Briefly explain the term related to public issue: “Pre-issue advertisement” [(June 2011) (2 Marks)]
Answer:
“Pre-issue advertisement”:
The issuer shall, after registering the red herring prospectus (in case of a book built issue) or prospectus (in case of fixed price issue) with the Registrar of Companies, make a pre-issue advertisement in one English national daily newspaper with wide circulation, Hindi national daily newspaper with wide circulation and one regional language newspaper with wide circulation at the place where the registered office of the issuer is situated.

The pre-issue advertisement shall be in the format and shall contain the disclosures specified in Part A of Schedule X.

However, the disclosures in relation to price band or floor price and financial ratios contained therein shall only be applicable where the issuer opts to announce the price band or floor price along with the pre-issue advertisement pursuant to Regulation 29(4).

Question 35.
You are Company secretary of All Seasons Travels Ltd., which being listed on the stock exchange after IPO is made by the company. Your Board of Directors desires.to understand about the compliance requirements under Regulation 33 of SEBI (Listing Obligations & Disclosure Requirements) Regulations, 2015. Write a Board note on Regulation 33.
Answer:
The Board of Directors
All Seasons Travels Limited
Sub: Compliance requirements under Regulation 33 of SEBI (Listing Obligations & Disclosure Requirements) Regulations, 2015

While preparing financial results, the listed entity shall comply with the following:

  • The financial results shall be prepared on the basis of accrual accounting policy and shall be in accordance with uniform accounting practices adopted for all the periods.
  • The quarterly and year to date results shall be prepared in accordance- with the recognition and measurement principles laid down in Accounting Standard 25 or Indian Accounting Standard 31 (AS 25/Ind AS 34 – Interim Financial Reporting) as applicable specified in Section 133 of the Companies Act, 2013 read with relevant rules framed thereunder or as specified by the Institute of Chartered Accountants of India, whichever is applicable.
  • The standalone financial results and consolidated financial results shall be prepared as per Generally Accepted Accounting Principles in India. However, in addition to the above the listed entity may also submit the financial results, as per the International Financial Reporting Standards notified by the International Accounting Standards Board.
  • The listed entity shall ensure that the limited review or audit reports submitted to the stock exchange(s) on a quarterly or annual basis are to be given only by an auditor who has subjected himself to the peer review process of Institute of Chartered Accountants of India and holds a valid certificate issued by the Peer Review Board of the Institute of Chartered Accountants of India.
  • The listed entity shall make the disclosures specified in Part A of Schedule IV.

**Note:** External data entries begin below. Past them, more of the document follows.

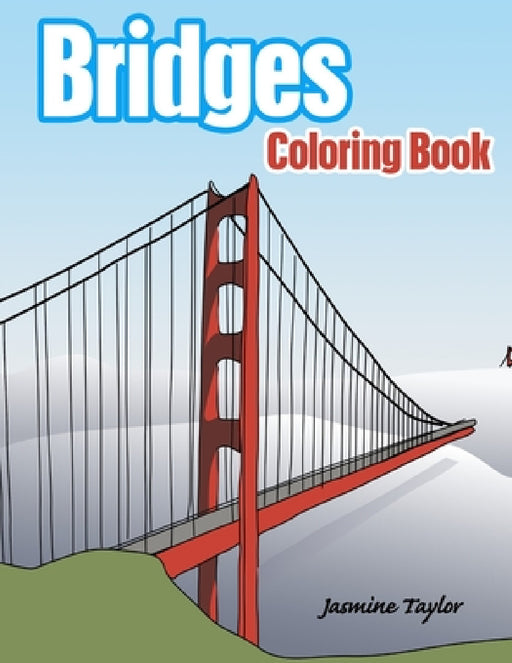 Bridges Coloring Book by Jasmine Taylor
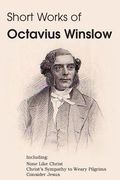 Short Works of Octavius Winslow - None Like Christ, Christ's Sympathy to Weary Pilgrims, Consider Jesus (en Inglés)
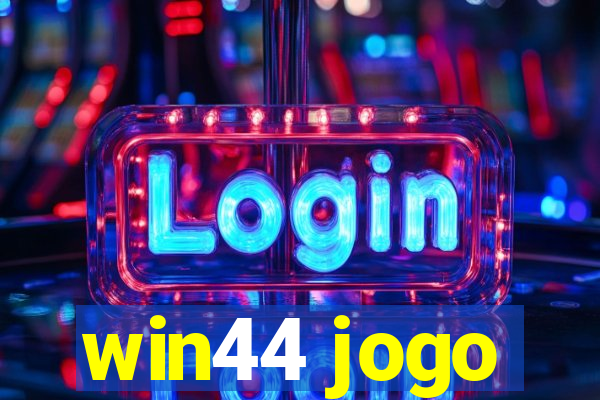 win44 jogo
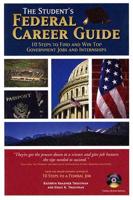 The Student's Federal Career Guide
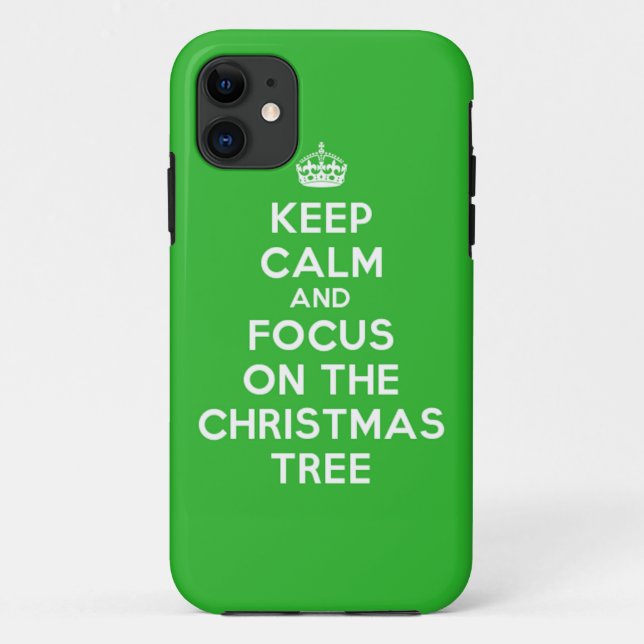 Keep Calm and focus on The Christmas Tree, funny Case-Mate iPhone Case (Back)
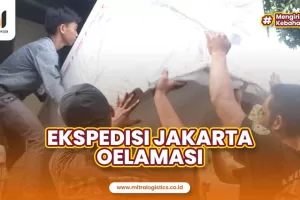 Ekspedisi Jakarta Oelamasi Terbaik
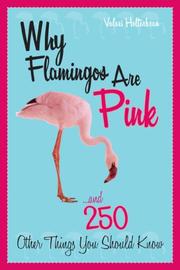 Cover of: Why Flamingos Are Pink: ...and 250 Other Things You Should Know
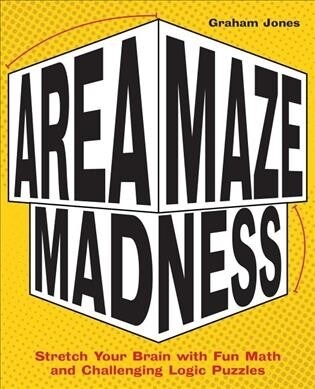 Area Maze Madness: Stretch Your Brain with Fun Math and Challenging Logic Puzzles (Paperback)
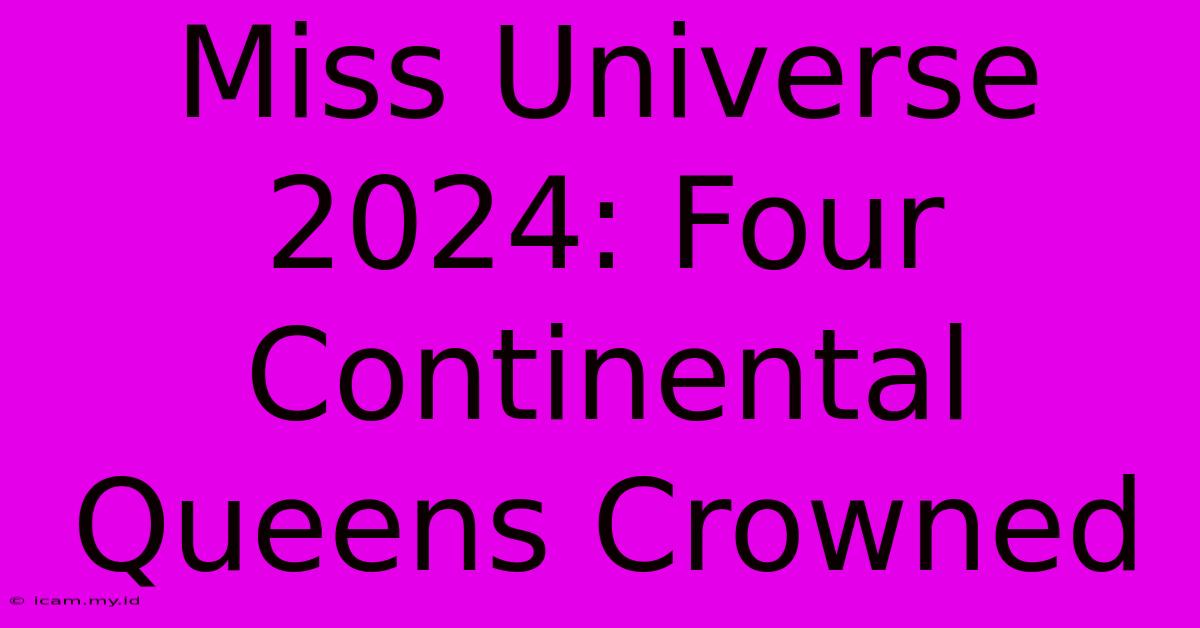 Miss Universe 2024: Four Continental Queens Crowned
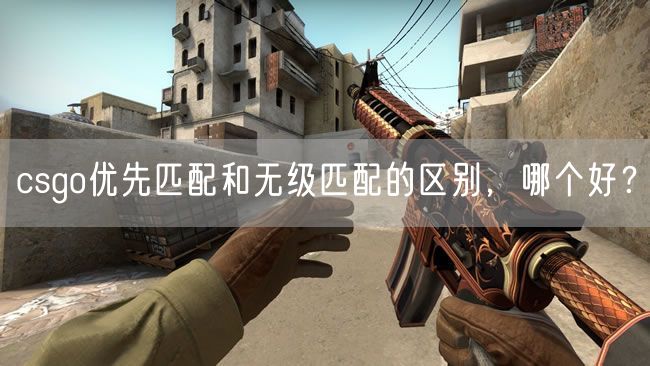 csgo优先匹配和无级匹配的区别，哪个好？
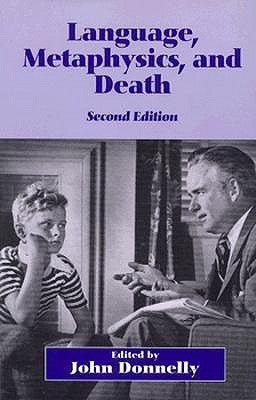 Language, Metaphysics, and Death by Donnelly, John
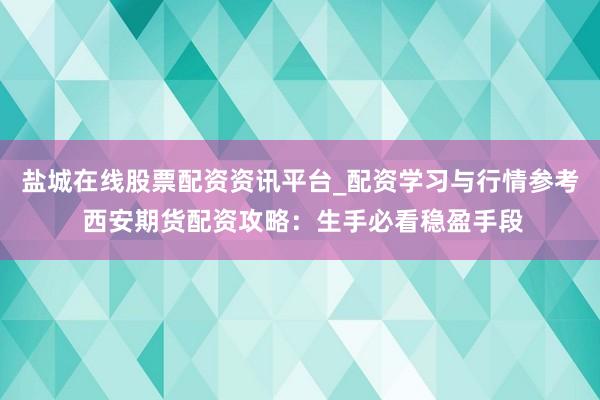 盐城在线股票配资资讯平台_配资学习与行情参考 西安期货配资攻略：生手必看稳盈手段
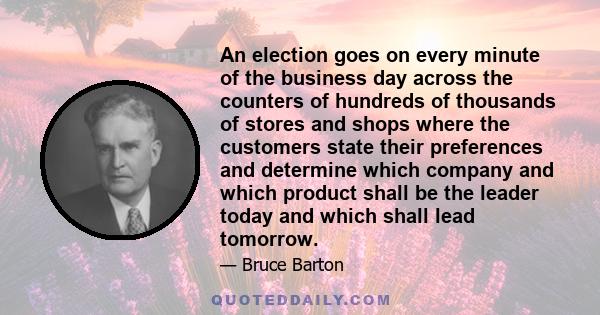 An election goes on every minute of the business day across the counters of hundreds of thousands of stores and shops where the customers state their preferences and determine which company and which product shall be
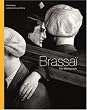 Brassai: The Monograph
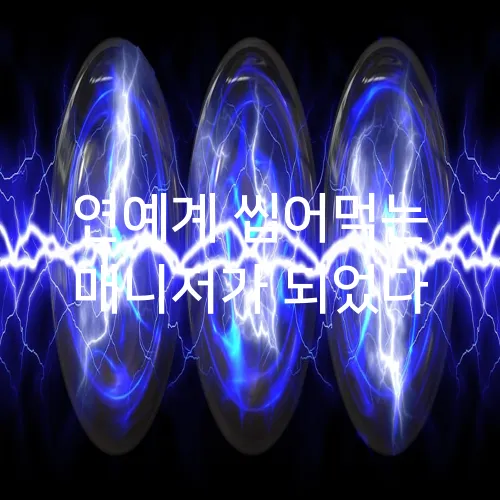 연예계 씹어먹는 매니저가 되었다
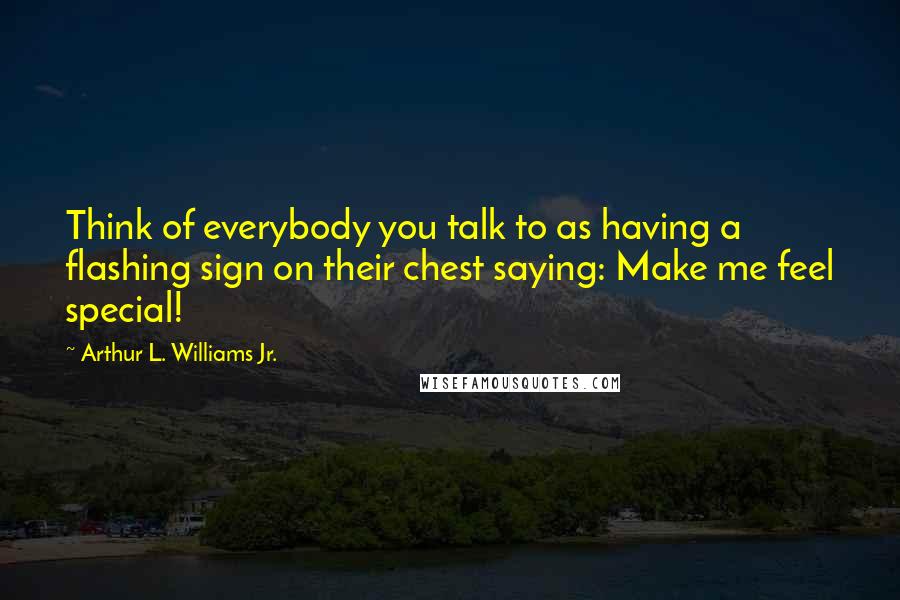 Arthur L. Williams Jr. Quotes: Think of everybody you talk to as having a flashing sign on their chest saying: Make me feel special!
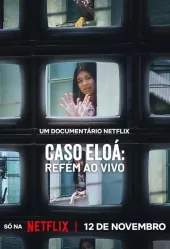     Caso Eloá: Refém ao Vivo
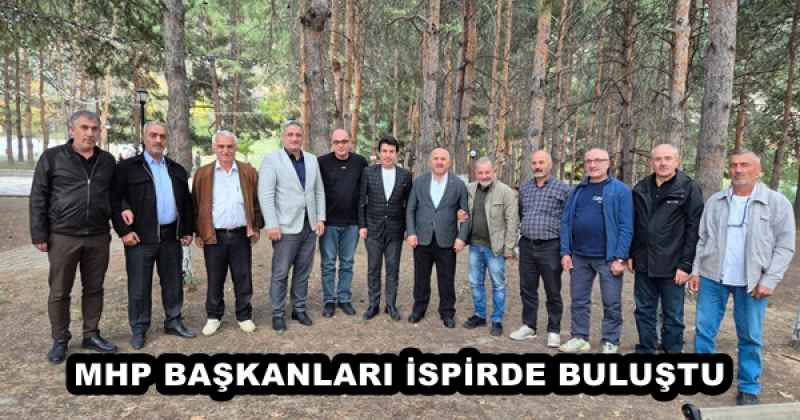 MHP BAŞKANLARI İSPİRDE BULUŞTU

The approval and authentication of the financial results shall be done by listed entity in the following manner:

  • The quarterly financial results submitted shall be approved by the board of directors. However, while placing the financial results before the board of directors, the chief executive officer and chief financial officer of the listed entity shall certify that the financial results do not contain any false or misleading statement or figures and do not omit any material fact which may make the statements or figures contained therein misleading.
  • The financial results submitted to the stock exchange shall be signed by the chairperson or managing director, or a whole time director or in the absence of all of them. It shall be signed by any other director of the listed entity who is duly authorized by the board of directors to sign the financial results.
  • The limited review report shall be placed before the board of directors, at its meeting which approves the financial results, before being submitted to the stock exchange(s).
  • The annual audited financial results shall be approved by the board of directors of the listed entity and shall be signed in the manner specified.

The listed entity shall submit the financial results in the following manner:

The listed entity shall submit quarterly and year-to-date standalone financial results to the stock exchange within forty-five days of end of each quarter, other than the last quarter.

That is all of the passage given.